Training Data – 100 traces. This is the data source for the normal system operation traces. These traces represent a portion of normal system operation and the IDS are required to learn normal operating behaviour from this data.

Validation Data – 400 traces. This data cannot be used to train the IDS. This data is a set of system traces used to validate the algorithms developed during this analysis. The data itself is an extended set of normal system operating traces that are used to determine the accuracy, or False Alarm Rate (FAR) of the implemented algorithm.

#Implementation Methods The two methods chosen to be implemented to solve these problems are decision trees and cluster analysis. These methods were chosen because of their ability to compare data sets and determine if system traces match the normal trained variables, while maintaining a low resource and computational footprint.

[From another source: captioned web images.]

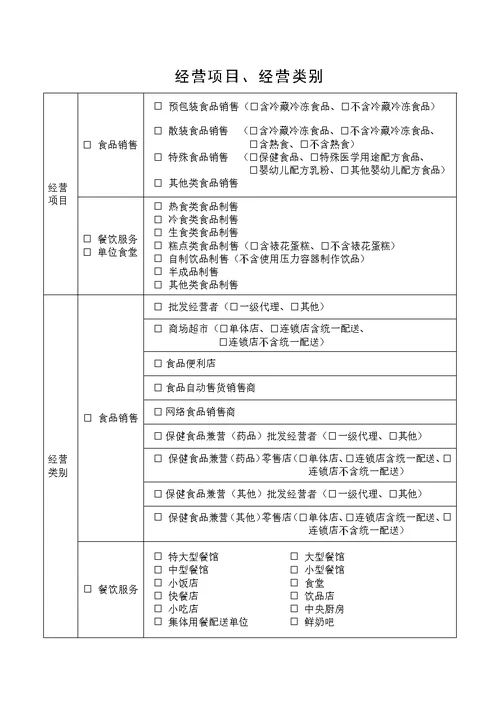 食品经营许可申请表 (新)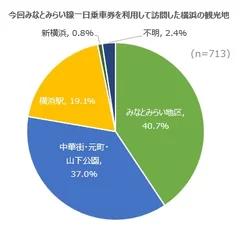 みなとみらい線一日乗車券を利用して訪問した横浜の観光地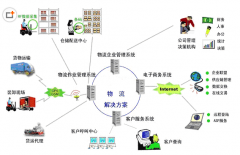 求車(chē)隊(duì)運(yùn)營(yíng)管理系統(tǒng)
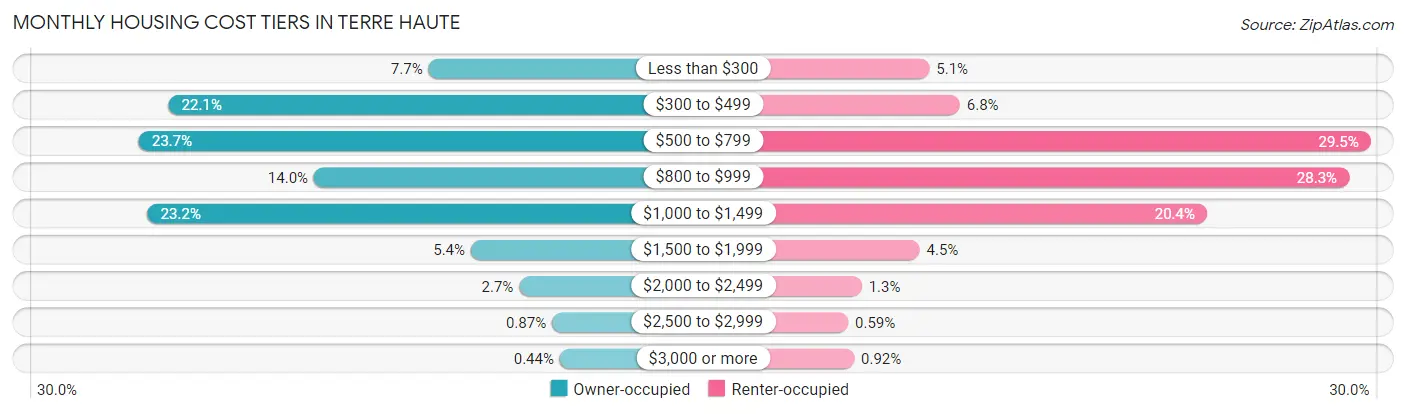 Monthly Housing Cost Tiers in Terre Haute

The decision tree method will build a tree of normal operating system calls, so that when the algorithm checks a new trace it simply steps through the tree to compare the order of system calls. With the use of only ‘normal’ data, it means that all leaf nodes within the decision tree end in ‘normal’, or meaning that the order of system calls is deemed as normal. Without a specific set of ‘attack’ traces to add to the decision tree (leaf nodes ending in ‘attack’), a percentage of accuracy cannot be added to the calculation of data; where a shortened order of system calls might result in a 40% chance of ending in attack, due to a branch that extends deeper than the length of sampled system calls. With this factor in consideration, it means that all checks for normal system calls will result in either a pass or fail, it is normal and exists within the decision tree, or it is an attack and doesn’t exist.

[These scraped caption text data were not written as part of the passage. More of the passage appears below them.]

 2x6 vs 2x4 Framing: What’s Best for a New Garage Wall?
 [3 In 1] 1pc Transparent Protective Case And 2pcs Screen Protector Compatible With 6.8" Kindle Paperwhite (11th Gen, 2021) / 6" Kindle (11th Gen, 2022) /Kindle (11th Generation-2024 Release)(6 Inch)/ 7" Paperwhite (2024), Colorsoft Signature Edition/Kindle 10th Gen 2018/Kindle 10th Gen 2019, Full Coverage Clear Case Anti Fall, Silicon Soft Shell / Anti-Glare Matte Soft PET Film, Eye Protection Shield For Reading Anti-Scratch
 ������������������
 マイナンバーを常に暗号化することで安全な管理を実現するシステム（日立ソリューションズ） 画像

The cluster analysis method takes a simplified data comparison approach to the IDS. The implemented method will create the normal system call traces as cluster data within a list or two-dimensional matrix, and then create separate clusters out of the system call traces being test. The algorithm will then compare the clusters against each other and if there is no match, the cluster will not be deemed normal operating system calls. These methods were implemented based on perceived accuracy and proficiency, along with the ability to successfully implement the algorithms.

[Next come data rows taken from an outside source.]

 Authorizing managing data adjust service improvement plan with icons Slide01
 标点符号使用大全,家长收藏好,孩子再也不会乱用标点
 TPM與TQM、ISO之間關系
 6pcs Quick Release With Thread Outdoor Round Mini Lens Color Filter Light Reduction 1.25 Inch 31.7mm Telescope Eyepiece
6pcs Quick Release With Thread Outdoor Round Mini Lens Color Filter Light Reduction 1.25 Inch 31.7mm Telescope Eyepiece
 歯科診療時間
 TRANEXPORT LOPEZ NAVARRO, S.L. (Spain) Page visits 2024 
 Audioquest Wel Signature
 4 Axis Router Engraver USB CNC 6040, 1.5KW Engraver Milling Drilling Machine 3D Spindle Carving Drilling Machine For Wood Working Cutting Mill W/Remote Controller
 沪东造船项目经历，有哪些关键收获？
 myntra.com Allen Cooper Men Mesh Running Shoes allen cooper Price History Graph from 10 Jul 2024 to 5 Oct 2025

#Conclusion Machine learning is a very important factor in the design of an Intrusion Detection System, and so is the ability to develop a reliable method of determining, with some variation, normal operation behaviour.

Of the two machine learning techniques that were implemented, decision trees and cluster analysis, it was proven that the decision tree implementation was far more accurate than the cluster implementation. The implementation of decision trees proved more reliable with a 1.25% rate of misclassification, in comparison to 18.5%.

The clustering implementation was also far more efficient in terms of computational cost, with a local order of growth of 0.5 in comparison to 1; and the execution time for the decision tree algorithm steadily grew to nearly 2 seconds, where the clustering method remained within the 1 second time frame.

These two algorithms demonstrate the trade-off between performance and accuracy in the implementation of a decision support system. While the clustering implementation is far superior in performance, its False Alarm Rate is significantly higher – reducing its overall reliability due to its inaccuracies.

With its good performance, lower memory usage and significantly smaller False Alarm Rate, the decision tree implementation is the better machine learning tool for this application.